We are a distinct people and endowed with a unique destiny. We gather this evening to remind ourselves of this eternal truth. Sad that so many have forgotten and others are unaware because they were never taught of this important lesson.
As the dangers of the world abound and the value of human life diminishes more than ever we should be that unique voice that unique people ever reminding humankind of the eternal truths our ancestors taught.
David Harris, President of the American Jewish Committee, shared his views as to the importance of a Jewish identity. What does being Jewish mean?
- It means embracing the deep symbolic meaning the rabbis gave to the story of Adam and Eve. Since all humanity descend from the “” couple, each of us, whatever our race, religion or ethnicity, shares the same family tree. No one can claim superiority over anyone else. In keeping with this teaching Talmud reminds us, “Whoever destroys a soul, it is considered as if he destroyed an entire world. And whoever saves a life, it is considered as if he saved an entire world.” Mishnah Sanhedrin 4:9. As Jews we are lovers and preservers of life, all life.
- It means entering into a partnership with the Divine for the “Repair of the World-Tikun Olam.” This is a sacred task not to be turned over to a higher authority, or to fate but that it’s our responsibility. We should pray as if everything depended upon God. We should act as if everything depended upon us. The mystics reminds us that the world is filled with broken fragments, illness, war, hunger, homelessness, loneliness and pain. As Jews it is our sacred task to bring wholeness again, to take the fragments and repair, rebuild our broken world.
- It means that we are persistently living lives based on Torah and Halacha, laws and statues which establish a moral code.

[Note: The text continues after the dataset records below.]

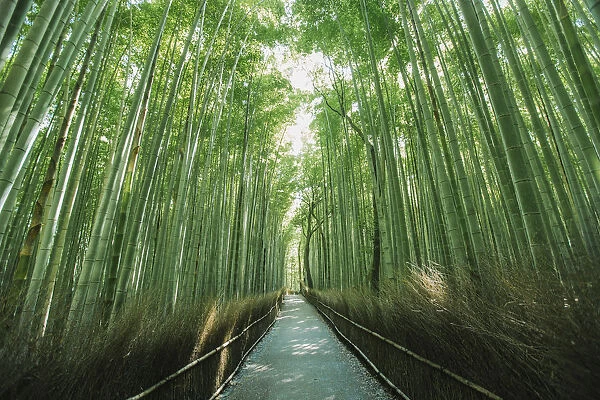 Bamboo forest, Kyoto, Japan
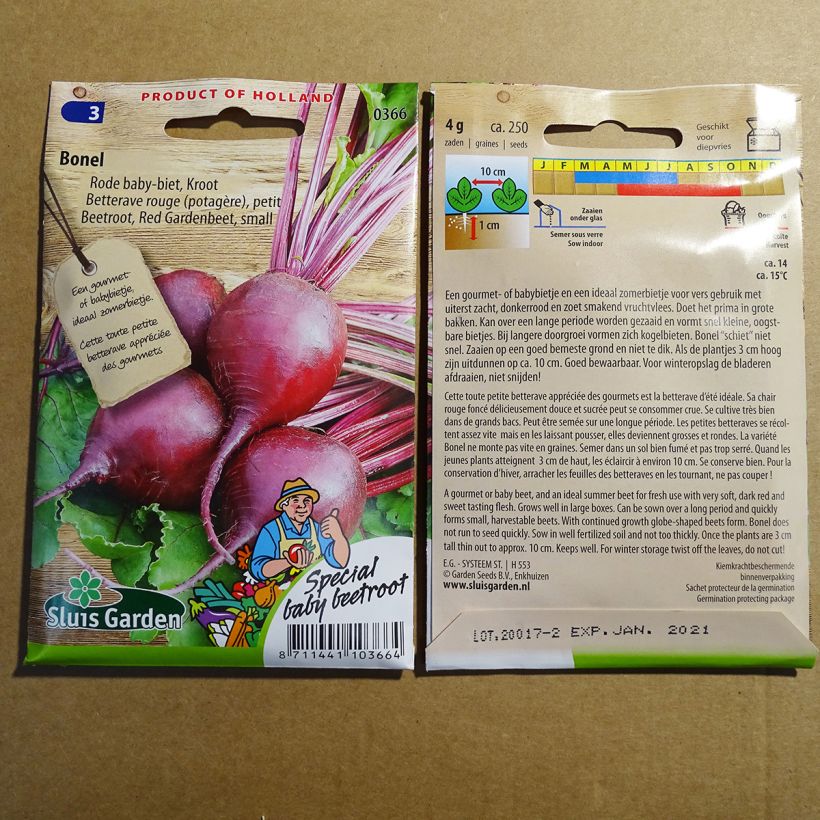 Example of Bonel Red Beetroot - Beta vulgaris per pack of 250 seeds (4g) specimen as delivered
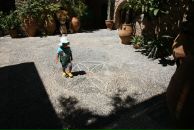 Дмитрий Сидоров фотография #44 (источник - https://vk.com/id996625)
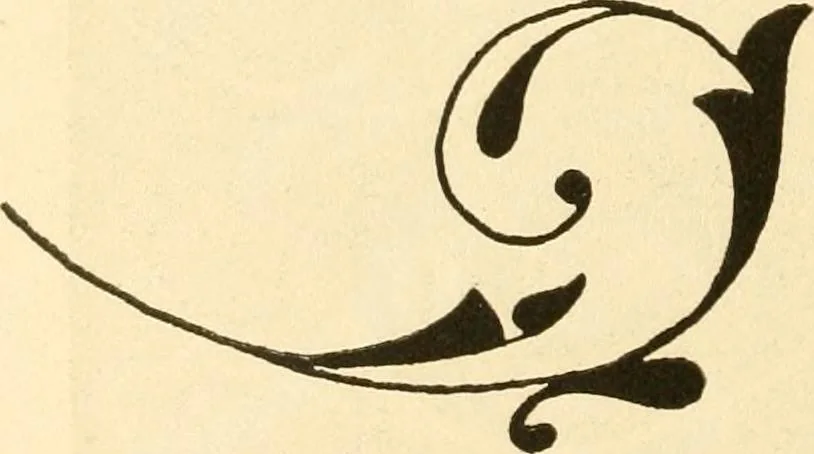 An illustration from How to paint flowers, scrolls and fancy borders for up-to-date show cards, posters, display signs and decorating, 1915, leaf 121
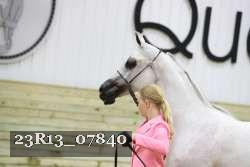 23R13_07840 thumbnail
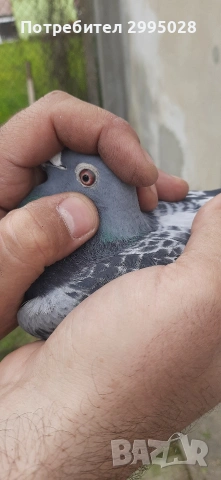 спортни пощенски гълъби( маратон), снимка 3 - Гълъби - 54181773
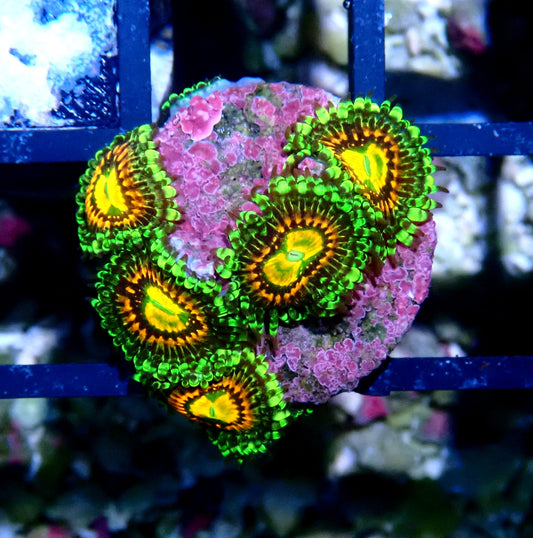 Rainbow Incinerator Zoanthid WYSIWYG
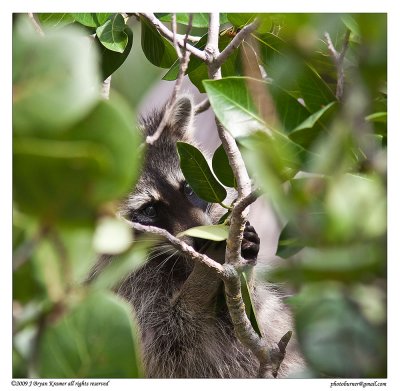 Raccoon in a tree
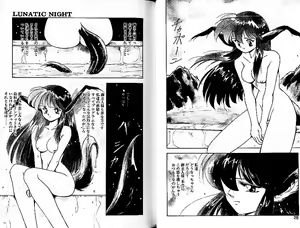 Page 19 of Lunatic Night 3 - preview thumbnail
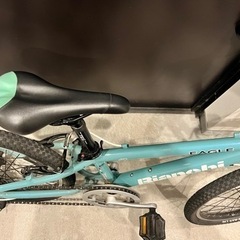 Bianchi ビアンキ EAGLE 20インチ 子供用自転車 ビアンキ イーグル キッズ 自転車 20インチ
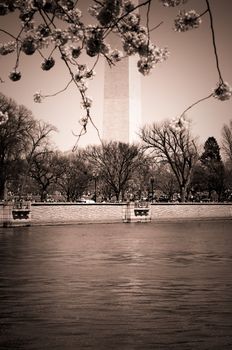Scenic view of Washington Monument with Lincoln Memorial Reflecting Pool in foreground, Washington, D.C, U.S.A.
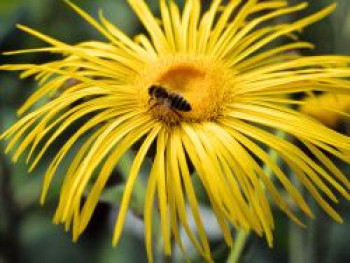 Hoher Alant, Inula magnifica, Topfware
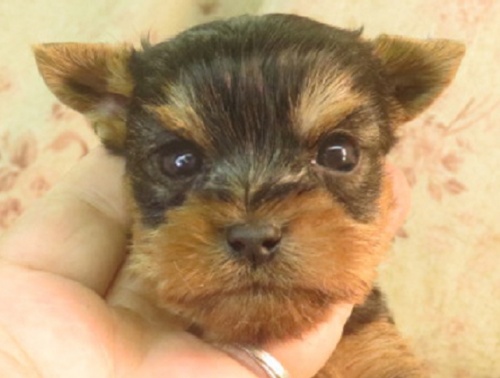 ヨークシャーテリアの子犬（ID:1267711075）の1枚目の写真/更新日:2023-05-27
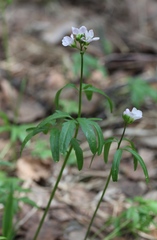 Cardamine trifida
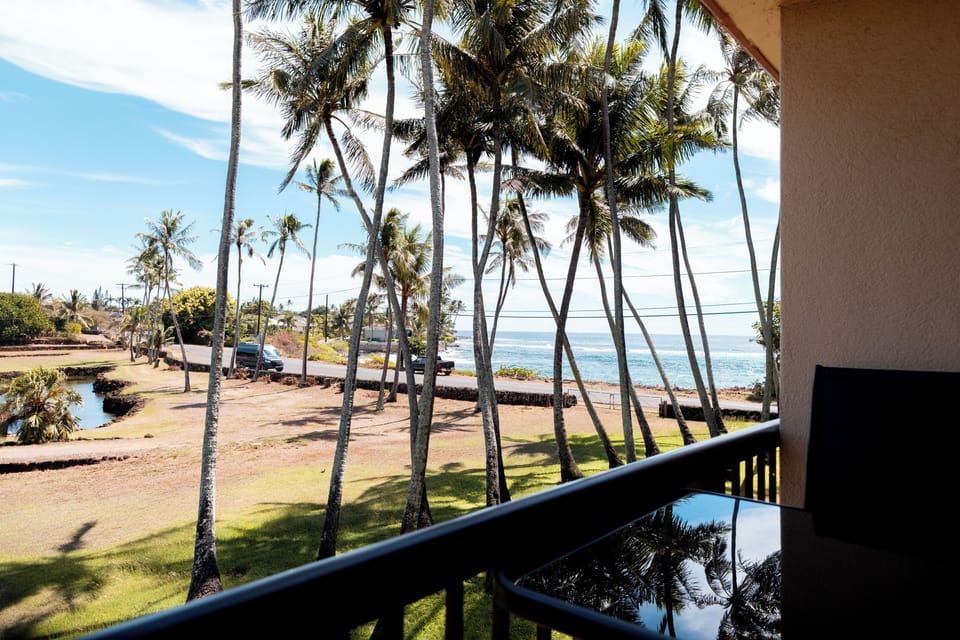 View from lanai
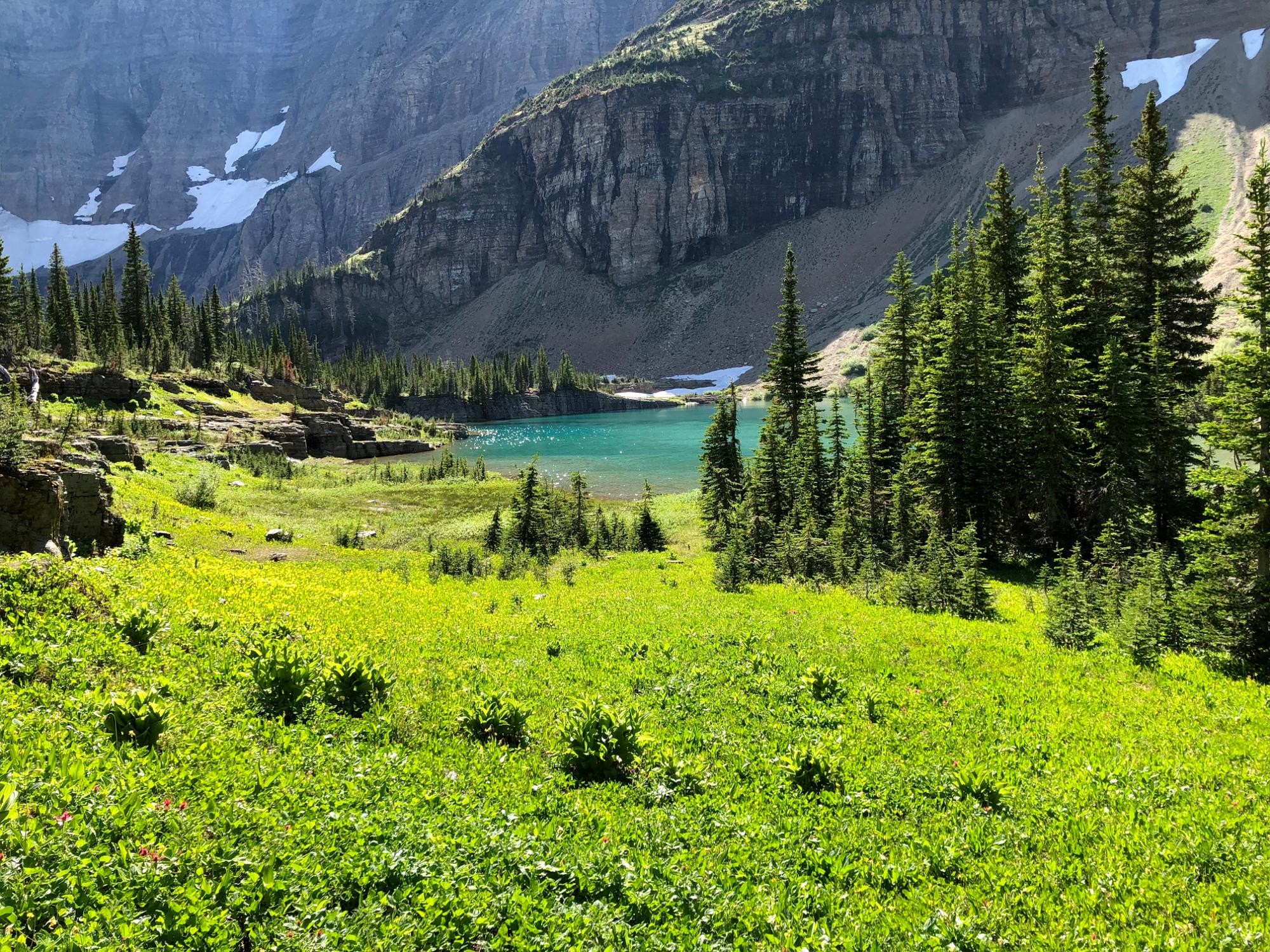 IMG 7657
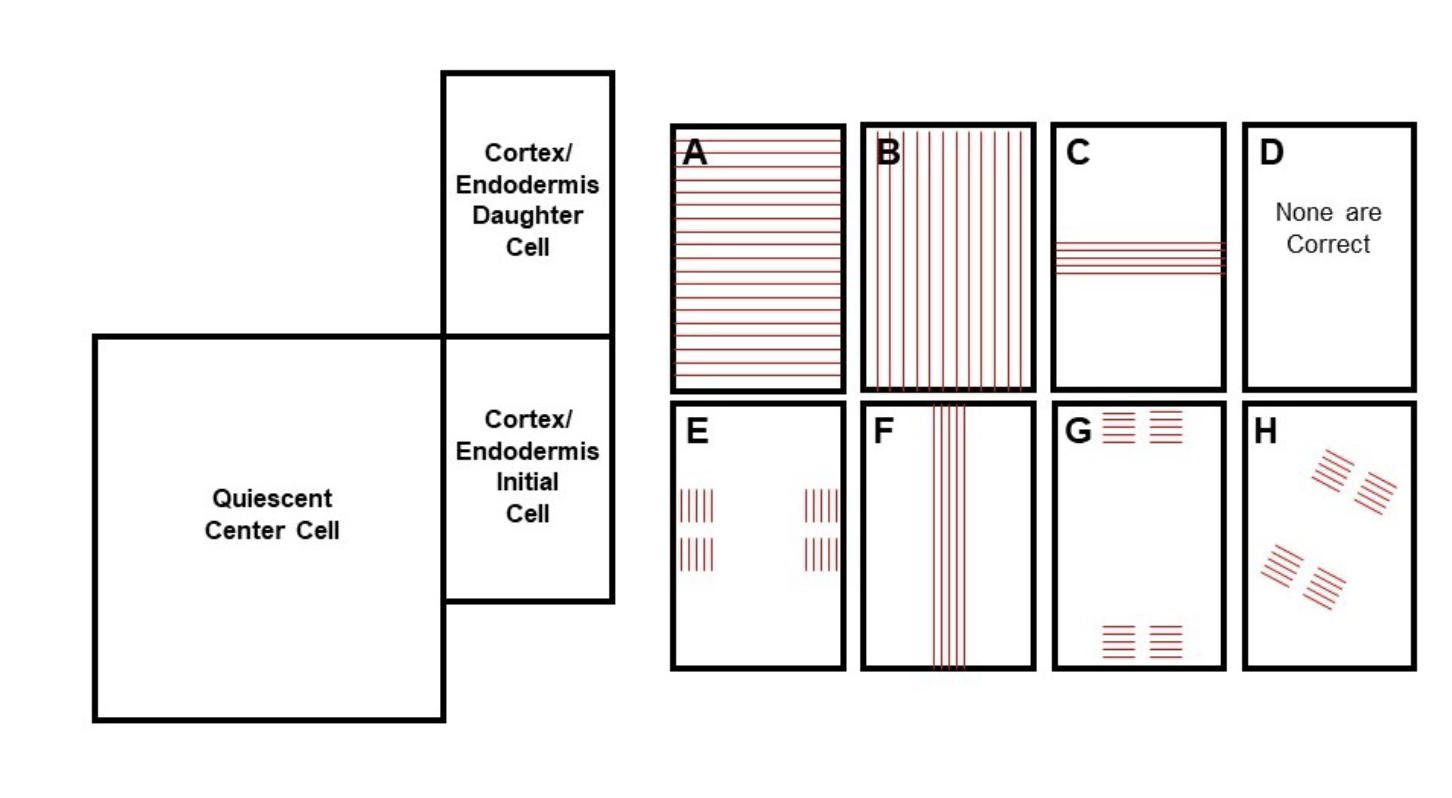 The diagram on the left represents a quiescent center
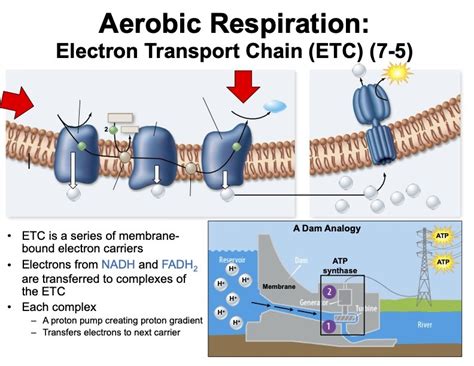 Electron Transport Chain (Cellular Respiration) Diagram | Quizlet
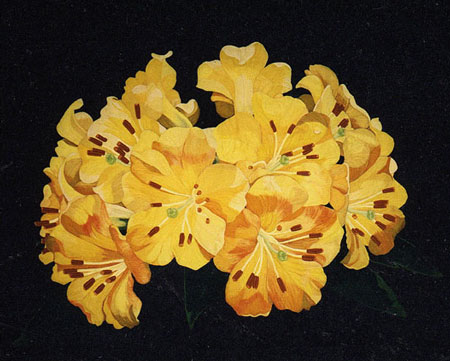 Vireya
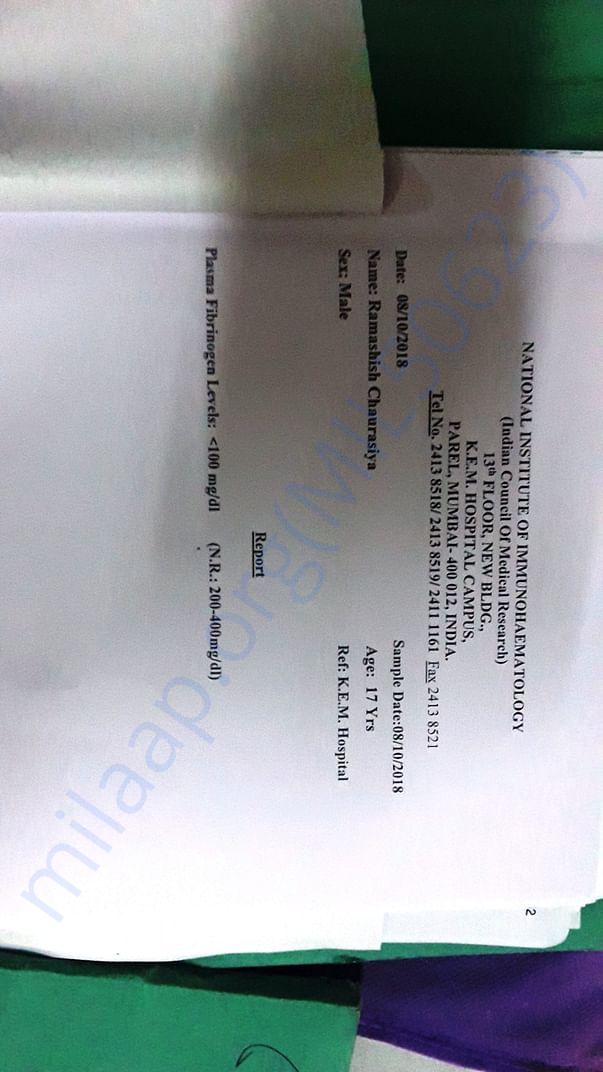 Plasma Report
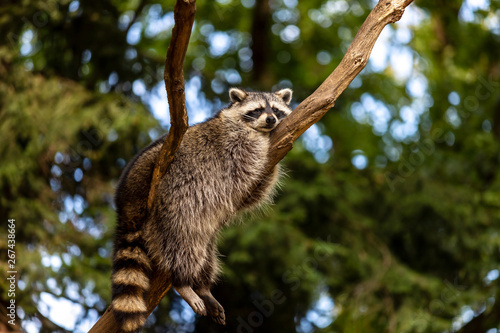 Fotografie Full body of relaxing common lotor procyon raccoon on the tree branch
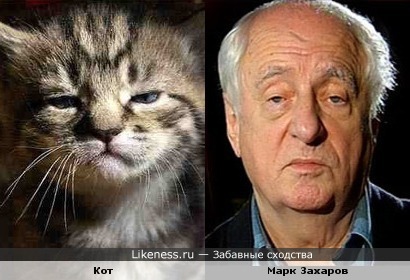 Кот похож на Марка Захарова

We are tasked to pursue justice, to treat our neighbors as we would wish to be treated, to welcome the stranger, to feed the hungry, to clothe the naked, to shelter the homeless, to protect our environment, to care for the elderly. It was through us that God made known The Ten Commandments, the eternal, universal and ethical code of conduct.
- And here I quote David Harris word for word, “And finally, as Nobel Laureate Elie Wiesel once said, it means not necessarily seeking to make the world more Jewish, but rather more human. That is the goal animating our people, through good times and bad, from the beginning of this extraordinary historical journey to the present day.
These are just some of meanings of our Jewishness. There so many more: Israel, our Jewish sense of connectedness with Jews from all over the world, our commitment to learning and teaching, our commitment to philanthropy and our commitment to social justice.
We have much of which to be proud, not in a boastful way but in a way that makes us feel as if our lives have purpose and importance. We have taken what our Creator has bestowed upon us and have dedicated our brains, our talents, our energies to help create a better world for all of God’s creatures.
More than ever this world needs our help. More than ever we need the will and commitment of the entire Jewish community. Hear the sound of the shofar and please, please answer the call.